Упразднение личности и свободы, о  котором предупреждал русский философ, случилось только тогда, когда неоязыческий миф стал компонентом массовой идеологии. Пластичность мифа сменилась рациональной жесткостью, на первый план были выведены те его черты, которые служили конечной цели. Но цель оставалась иррациональной — абсолютная власть, а потому и обслуживающий ее рационализм иначе как взбесившимся не назовешь. История сыграла с неоязычеством злую шутку. То, что начиналось как освобождение от ига технической цивилизации, само превратилось в технику управления массами — инструмент, обслуживающий волю к власти. У немцев это произошло открыто, у нас — за сценой, на которой разыгрывалось всенародное действо под названием “строительство социализма”.

 

В Германии религиозное народничество, “рационализировавшись” в нацизм, органично слилось с этатистской идеей Третьего рейха, который и употребил мощную государственную машину для достижения идеала расовой чистоты.
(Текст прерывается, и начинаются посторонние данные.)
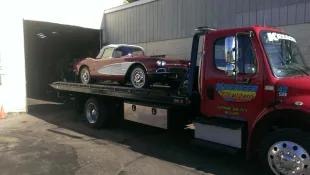 Kreager tow truck carrying a vintage Corvette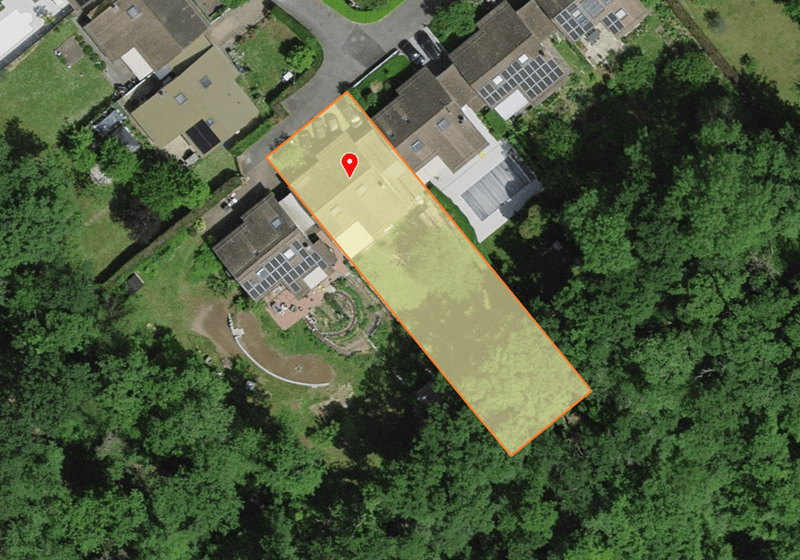 Plot of land with a house and garden, surrounded by trees and greenery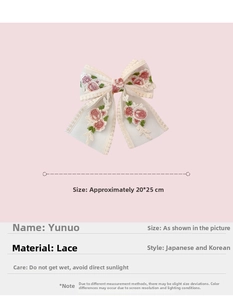 Detail of white lace bow hair clip with pink rose embroidery on a soft pink background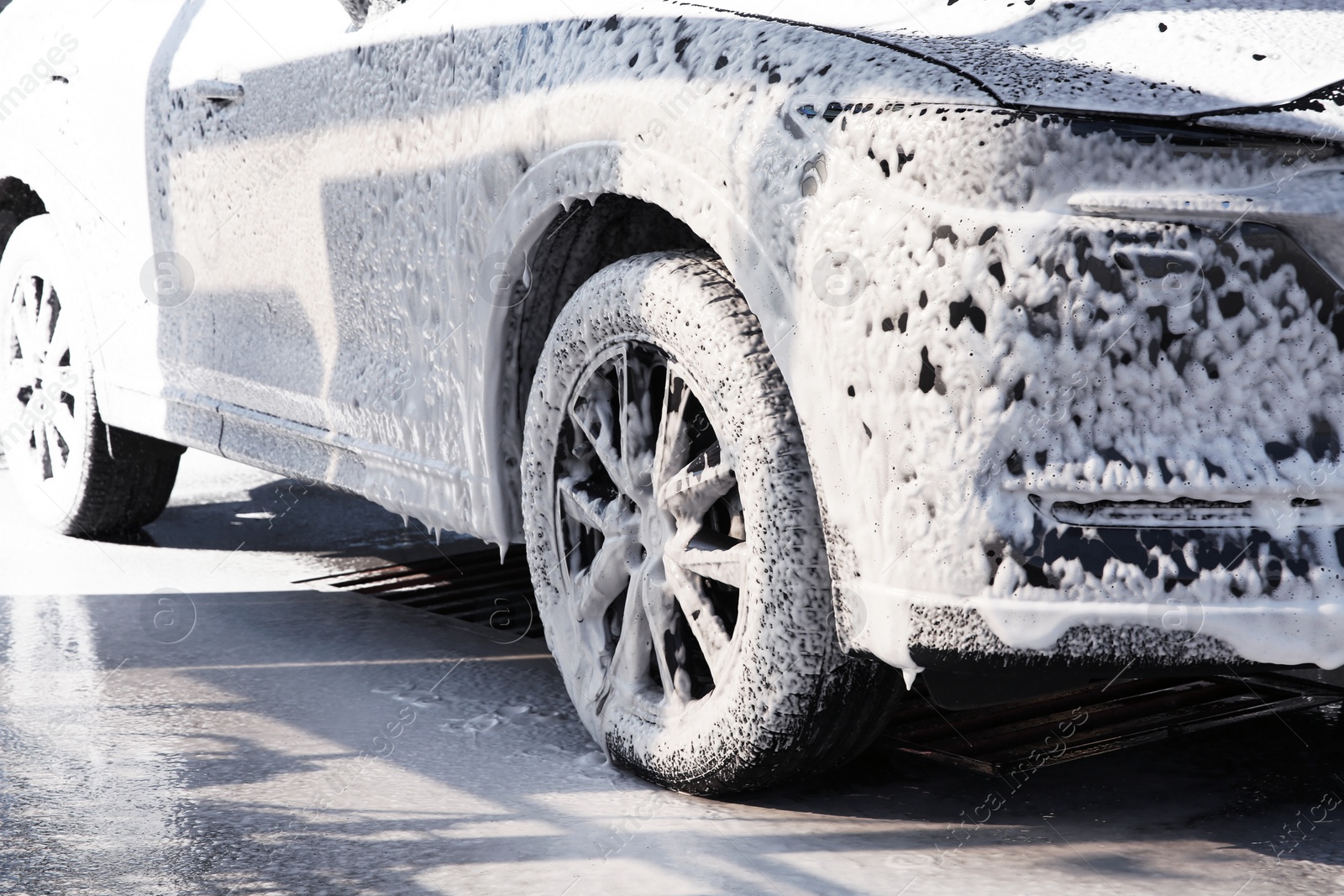 Photo of Modern automobile covered with foam at car wash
У нас верх взял марксизм, и обожествление народа как единого племени не состоялось. И все же языческие мифологемы прорвались в “научное мировоззрение” и обожествлены были его главные оракулы. От их имени и работал мощный рычаг государственного насилия. Видимо, мировоззрение оказалось не совсем научным. Да и может ли наука в одиночку защитить человечество от рецидивов варварства?

 

Гитлер и Сталин придерживались разной техники камлания, но сцементированное пропагандой и террором народное тело отвечало на призывы вождей именно то, что они хотели услышать. Хождение язычества во власть обернулось самой  жуткой трагедией двадцатого столетия.

 

Ведовство

 

Покуда немцы украшали языческой  символикой свои штандарты, европейские  и американские антропологи спустились наконец с университетских кафедр и отправились на полевые исследования племен, сохранивших свои языческие  верования. В Австралии, Африке и Полинезии ученые открывали сокровища туземных мифов и ритуалов, поражавшие их своей сложностью и изысканностью18. Секуляризирующийся Запад с удивлением замечал, что так называемые первобытные народы не только сохранили свои верования, но и вполне счастливо существуют в своем гармоничном мире. Да, иногда им приходится несладко: неурожай, голод, войны, — но цивилизованное вмешательство извне оборачивается еще худшими бедами — алкоголизмом и вырождением. Следовательно, надо во что бы то ни стало помочь им сохранить свою уникальную культуру. Б. Малиновский, А.-Р. Радклифф-Браун, К. Леви-Строс, М. Элиаде издают великолепные монографии, в которых анализируют верования туземцев. В их работах ощущается авторское убеждение, что по своей изощренности верования эти ничем не уступают религиям цивилизованного мира, а может, в чем-то и превосходят их.